Entende-se que as editoras se colocam como intermediárias no processo de comunicação entre autores e leitores, já que elas vendem ao público a produção dos pesquisadores. Há que se destacar que nessa relação, os pesquisadores não são beneficiados remuneradamente pela entrega de seus trabalhos às editoras. Essa doação, vale dizer, não é um fato recente. Como afirmam Suber e Arunachalam (2005), desde o surgimento dos periódicos científicos, em 1665, os cientistas têm publicado seus artigos sem receberem pagamentos. A expectativa é, na verdade, que essa entrega proporcione benefícios intangíveis ao pesquisador, tais como a certificação do trabalho, o prestígio, a citação e o impacto. De uma forma geral, tudo isso possibilita o avanço de suas carreiras. Nesse contexto, portanto, pesquisas que custaram dezenas ou centenas de milhares de dólares, quase sempre financiadas com dinheiro público, podem ter seus direitos entregues de forma praticamente gratuita a uma editora (MACHADO, 2005). Vale dizer ainda que para adquirir tais trabalhos científicos, é necessário que os governos desembolsem mais recursos financeiros com a assinatura de revistas por meio das bibliotecas.

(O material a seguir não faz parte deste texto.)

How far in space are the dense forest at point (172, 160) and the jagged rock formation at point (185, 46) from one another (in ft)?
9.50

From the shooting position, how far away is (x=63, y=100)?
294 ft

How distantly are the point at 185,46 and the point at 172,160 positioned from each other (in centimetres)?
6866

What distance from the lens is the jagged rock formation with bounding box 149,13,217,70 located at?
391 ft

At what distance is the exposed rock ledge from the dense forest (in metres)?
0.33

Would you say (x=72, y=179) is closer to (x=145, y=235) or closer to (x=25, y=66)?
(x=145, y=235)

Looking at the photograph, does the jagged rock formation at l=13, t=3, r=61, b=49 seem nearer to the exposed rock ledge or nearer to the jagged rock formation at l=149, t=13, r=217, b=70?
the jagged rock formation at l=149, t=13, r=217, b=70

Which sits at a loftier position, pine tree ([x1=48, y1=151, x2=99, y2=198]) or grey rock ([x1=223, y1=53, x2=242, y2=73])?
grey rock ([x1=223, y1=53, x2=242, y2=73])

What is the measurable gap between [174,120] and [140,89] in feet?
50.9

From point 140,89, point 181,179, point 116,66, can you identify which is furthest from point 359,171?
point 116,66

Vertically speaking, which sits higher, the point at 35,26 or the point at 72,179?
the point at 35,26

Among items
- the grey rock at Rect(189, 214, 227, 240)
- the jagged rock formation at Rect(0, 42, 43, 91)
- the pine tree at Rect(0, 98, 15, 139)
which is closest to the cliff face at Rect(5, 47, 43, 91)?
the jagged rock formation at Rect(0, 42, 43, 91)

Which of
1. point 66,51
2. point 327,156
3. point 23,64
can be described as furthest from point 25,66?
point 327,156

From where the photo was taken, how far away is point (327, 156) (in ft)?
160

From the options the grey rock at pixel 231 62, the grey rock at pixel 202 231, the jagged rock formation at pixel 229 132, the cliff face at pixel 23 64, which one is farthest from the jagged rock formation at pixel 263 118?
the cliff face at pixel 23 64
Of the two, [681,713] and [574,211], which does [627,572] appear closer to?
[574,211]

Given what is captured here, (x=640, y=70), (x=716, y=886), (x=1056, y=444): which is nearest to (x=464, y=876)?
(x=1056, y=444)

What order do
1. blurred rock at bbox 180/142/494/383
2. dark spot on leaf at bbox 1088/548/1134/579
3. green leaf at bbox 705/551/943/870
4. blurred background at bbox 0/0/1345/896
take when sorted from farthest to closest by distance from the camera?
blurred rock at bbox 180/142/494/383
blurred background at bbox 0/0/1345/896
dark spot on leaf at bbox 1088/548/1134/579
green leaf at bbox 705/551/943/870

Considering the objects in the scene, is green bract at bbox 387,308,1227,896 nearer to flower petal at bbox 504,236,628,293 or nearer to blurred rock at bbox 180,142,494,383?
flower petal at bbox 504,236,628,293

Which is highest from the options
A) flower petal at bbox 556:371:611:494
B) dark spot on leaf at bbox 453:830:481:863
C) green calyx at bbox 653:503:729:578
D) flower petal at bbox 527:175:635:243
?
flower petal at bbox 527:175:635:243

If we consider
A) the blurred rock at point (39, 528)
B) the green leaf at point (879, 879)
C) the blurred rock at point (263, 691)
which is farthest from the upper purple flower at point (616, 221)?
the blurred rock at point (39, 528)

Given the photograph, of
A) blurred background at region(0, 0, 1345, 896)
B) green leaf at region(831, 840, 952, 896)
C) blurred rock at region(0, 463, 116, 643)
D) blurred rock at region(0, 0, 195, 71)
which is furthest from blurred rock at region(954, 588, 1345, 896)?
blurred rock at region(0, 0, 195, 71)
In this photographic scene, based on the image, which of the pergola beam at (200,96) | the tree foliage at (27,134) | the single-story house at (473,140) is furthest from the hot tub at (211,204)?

Esse funcionamento, na prática, tem se mostrado insustentável. Dado o baixo orçamento que dispõem frente aos elevados custos das assinaturas, as bibliotecas têm apresentado dificuldades em obter e manter suas coleções de periódicos. A essa realidade tem que se acrescentar o fato de que o número de títulos de revistas cresce exponencialmente (PRICE, 1976b). Logo, as bibliotecas universitárias e de centros de pesquisa, principais redutos de pesquisadores, mostram-se incapazes de atender as

necessidades informacionais de seus usuários. Salienta-se que mesmo as grandes bibliotecas dos países desenvolvidos se encontram nessa situação. De acordo com Willinsky (2003, p. 263):

O impacto desses elevados preços tem afetado o acesso a literatura científica em universidades de todos os países. A associação de bibliotecas de centros de pesquisa, representando as 122 bibliotecas norte-americanas, relatou que seus membros têm sido forçados a cortar 6% de suas assinaturas desde o final da década de 80.

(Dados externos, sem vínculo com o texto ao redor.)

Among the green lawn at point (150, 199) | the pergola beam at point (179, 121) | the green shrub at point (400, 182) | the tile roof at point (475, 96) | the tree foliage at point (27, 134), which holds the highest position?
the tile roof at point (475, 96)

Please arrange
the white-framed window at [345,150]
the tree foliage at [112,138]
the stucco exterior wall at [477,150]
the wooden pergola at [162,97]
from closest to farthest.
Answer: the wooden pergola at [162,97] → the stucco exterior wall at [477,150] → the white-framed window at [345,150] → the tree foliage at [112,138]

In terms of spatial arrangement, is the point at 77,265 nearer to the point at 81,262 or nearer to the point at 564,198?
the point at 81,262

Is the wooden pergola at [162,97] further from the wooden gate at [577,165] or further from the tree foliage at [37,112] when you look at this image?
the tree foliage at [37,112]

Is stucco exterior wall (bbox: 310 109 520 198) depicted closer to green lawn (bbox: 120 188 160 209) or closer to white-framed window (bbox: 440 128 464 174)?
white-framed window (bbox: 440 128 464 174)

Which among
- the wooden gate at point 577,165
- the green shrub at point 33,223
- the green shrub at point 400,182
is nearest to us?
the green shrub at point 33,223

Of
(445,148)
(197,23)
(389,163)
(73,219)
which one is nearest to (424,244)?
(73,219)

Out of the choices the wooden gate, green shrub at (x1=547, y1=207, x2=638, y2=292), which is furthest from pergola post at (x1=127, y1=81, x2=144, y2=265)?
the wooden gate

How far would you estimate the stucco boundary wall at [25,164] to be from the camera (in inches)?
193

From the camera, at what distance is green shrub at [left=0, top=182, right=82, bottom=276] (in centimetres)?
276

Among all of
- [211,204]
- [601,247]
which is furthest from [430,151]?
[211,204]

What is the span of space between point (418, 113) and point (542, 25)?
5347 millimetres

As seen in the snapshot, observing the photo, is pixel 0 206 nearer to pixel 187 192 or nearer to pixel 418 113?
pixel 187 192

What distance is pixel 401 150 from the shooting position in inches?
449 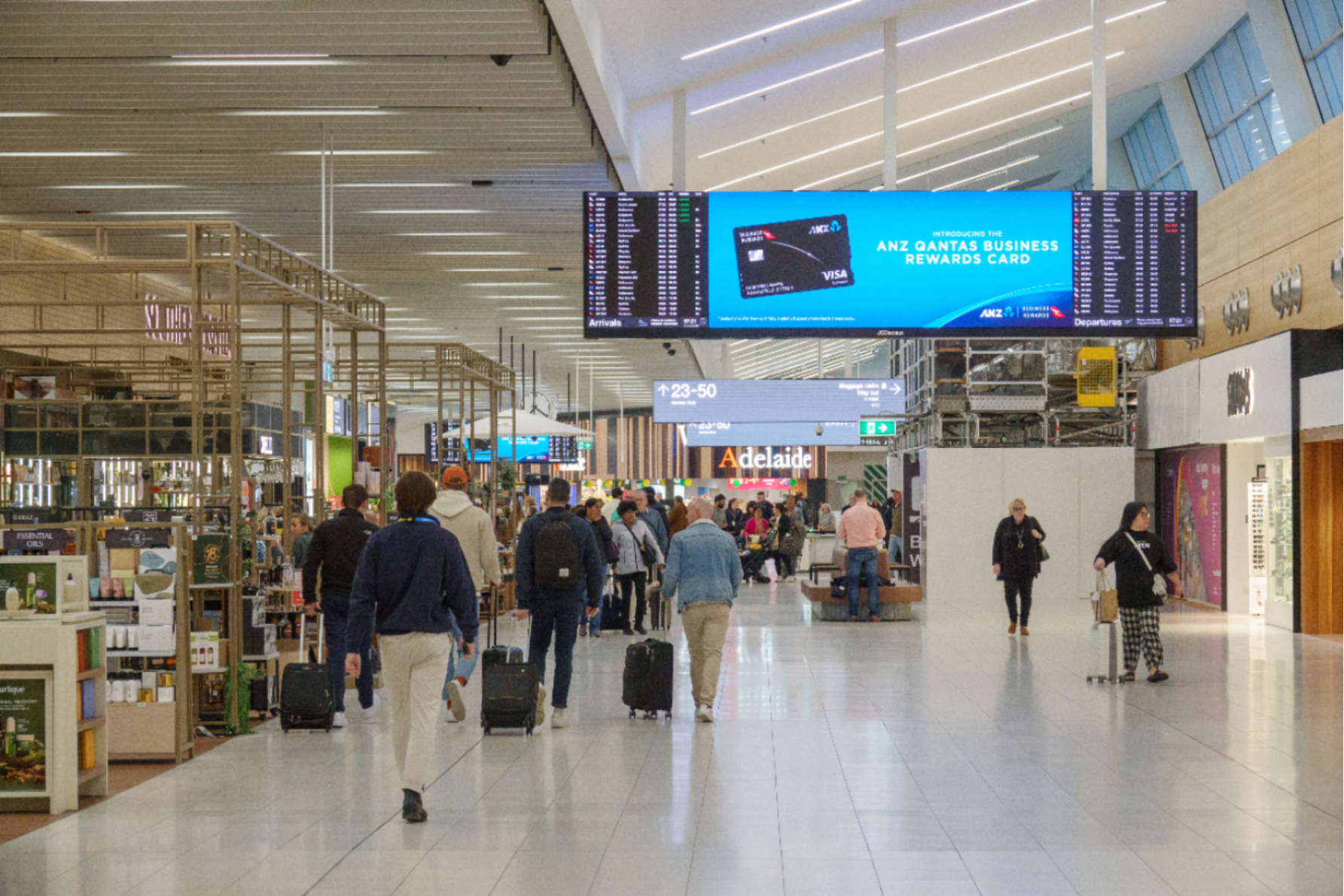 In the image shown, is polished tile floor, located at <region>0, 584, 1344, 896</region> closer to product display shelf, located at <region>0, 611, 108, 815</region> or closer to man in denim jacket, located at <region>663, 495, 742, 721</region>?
product display shelf, located at <region>0, 611, 108, 815</region>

Certamente, o problema se torna mais crítico em países em desenvolvimento. Suber e Arunachalam (2005) explicam que em tais nações, há menos recursos tanto para fomentar ou publicar pesquisas quanto para comprar pesquisas publicadas em outros países. Citam o caso das bibliotecas localizadas na África subsaariana, as quais não assinam qualquer periódico por anos.

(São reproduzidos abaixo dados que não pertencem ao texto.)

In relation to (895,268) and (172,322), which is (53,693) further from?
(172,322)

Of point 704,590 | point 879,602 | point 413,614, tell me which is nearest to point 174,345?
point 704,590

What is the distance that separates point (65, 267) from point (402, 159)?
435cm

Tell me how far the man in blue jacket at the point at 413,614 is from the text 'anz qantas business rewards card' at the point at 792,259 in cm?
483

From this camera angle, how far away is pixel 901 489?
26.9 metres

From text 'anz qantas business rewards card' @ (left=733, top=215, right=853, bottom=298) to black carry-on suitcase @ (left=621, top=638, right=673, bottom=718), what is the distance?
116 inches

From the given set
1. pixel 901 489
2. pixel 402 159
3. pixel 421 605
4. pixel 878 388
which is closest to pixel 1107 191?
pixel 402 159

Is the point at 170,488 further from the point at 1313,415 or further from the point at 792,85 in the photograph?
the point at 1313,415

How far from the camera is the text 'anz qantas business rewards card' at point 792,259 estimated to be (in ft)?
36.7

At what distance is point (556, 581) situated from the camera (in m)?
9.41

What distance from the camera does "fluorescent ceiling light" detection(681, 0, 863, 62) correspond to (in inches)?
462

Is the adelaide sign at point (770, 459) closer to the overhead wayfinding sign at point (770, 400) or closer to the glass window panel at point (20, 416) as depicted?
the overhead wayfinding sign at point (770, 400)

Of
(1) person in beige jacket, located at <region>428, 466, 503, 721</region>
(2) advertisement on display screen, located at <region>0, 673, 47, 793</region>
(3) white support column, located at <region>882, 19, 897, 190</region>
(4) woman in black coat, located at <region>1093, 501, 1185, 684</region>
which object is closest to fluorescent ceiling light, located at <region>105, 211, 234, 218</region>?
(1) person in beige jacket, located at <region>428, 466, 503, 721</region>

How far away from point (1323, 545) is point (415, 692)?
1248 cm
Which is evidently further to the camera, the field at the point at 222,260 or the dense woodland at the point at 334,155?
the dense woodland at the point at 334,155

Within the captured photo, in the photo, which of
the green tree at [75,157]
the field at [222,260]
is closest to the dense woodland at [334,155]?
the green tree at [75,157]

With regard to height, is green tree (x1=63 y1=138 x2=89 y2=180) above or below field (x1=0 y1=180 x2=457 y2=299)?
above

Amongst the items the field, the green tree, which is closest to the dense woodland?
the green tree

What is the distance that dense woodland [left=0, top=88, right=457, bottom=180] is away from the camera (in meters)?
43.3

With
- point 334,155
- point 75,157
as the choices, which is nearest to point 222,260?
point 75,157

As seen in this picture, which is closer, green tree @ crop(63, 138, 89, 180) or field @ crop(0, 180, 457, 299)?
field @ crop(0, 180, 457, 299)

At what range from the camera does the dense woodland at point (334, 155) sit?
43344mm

Enfim, diante desse contexto, fica nítido que a falta de acesso à informação científica se caracteriza como um problema de nível internacional. Seja em um país desenvolvido ou em desenvolvimento, muitos cientistas se veem impossibilitados de ter acesso ao conhecimento científico produzido em suas áreas, incapacitando-os, consequentemente, de contribuírem na edificação dos saberes. Reconhecendo tal fato, organizações nacionais e internacionais, entidades públicas e privadas, cientistas e bibliotecas têm fomentado discussões a fim de promover mudanças nesse cenário. Tais mudanças estariam direcionadas no sentido de tornar o conhecimento científico amplamente acessível e disponível a todos a quem dele se interessar. A fim de reforçar tal pretensão, servem-se de um forte argumento, qual seja a Ciência é um bem público. Isso pode ser verificado nas palavras de Stiglitz (1999, p. 312) ao dizer que a Ciência é crescentemente considerada como um “bem global”, e, portanto, vista como parte do patrimônio comum da humanidade.

Nesse sentido, a campanha de convencimento e estímulo ao amplo acesso às publiçações científicas tem sido feita pelo movimento social de acesso aberto (Open Access)1. Seu estudo será dado a seguir, a começar pela definição de seu princípio maior.

1Segundo Suber (2007), a filosofia de acesso aberto pode ser aplicada também ao conteúdo não-científico, como

filmes, músicas e livros de ficção. Contudo, esse não têm sido o foco principal da maioria dos ativistas do movimento. Nessa pesquisa, a fim de atingir os objetivos propostos, a iniciativa será estudada, especificamente, no que se refere à literatura científica.